De journalisten stapten naar het EHRM omdat de veroordeling naar hun mening in strijd was met het recht op vrijheid van meningsuiting (art. 10 EVRM). Zij stelden dat hun artikelen betrekking hadden op een kwestie van openbaar belang, dat tot een publiek debat heeft geleid. De Russische Staat voerde aan dat zij vervolgd werden vanwege de manier waarop zij hun ideeën en meningen naar buiten brachten. Dit was volgens de Staat op een onfatsoenlijke wijze gebeurd.
Het Hof oordeelde dat er bij onderwerpen van algemeen belang extra vrijheid aan de journalisten moet toekomen en de ‘margin of appreciation’ minder is. Het Hof vond ook dat (grove) stijlvormen tot deze vrijheid behoren. Verder moet aan satire en parodie extra bescherming toekomen rond verkiezingen, omdat kandidaten hierbij meer moeten kunnen verdragen.

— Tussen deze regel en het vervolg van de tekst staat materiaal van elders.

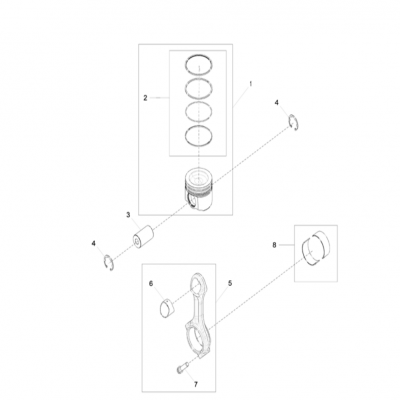 Group 48: Piston and Connecting Rod  第48组：活塞和连杆“GM93289,”“GM93285,”“GM91650,”“GM85414,”“GM85412,”“GM85410,”“GM51613,&rdquo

De boete die de journalisten hadden gekregen vond het Hof niet proportioneel. De veroordeling van de journalisten zou andere journalisten ervan kunnen weerhouden om kritiek te leveren op de maatschappij, met name politieke figuren. Er is hierdoor een onrechtmatige inbreuk gemaakt op de vrijheid van meningsuiting van de journalisten.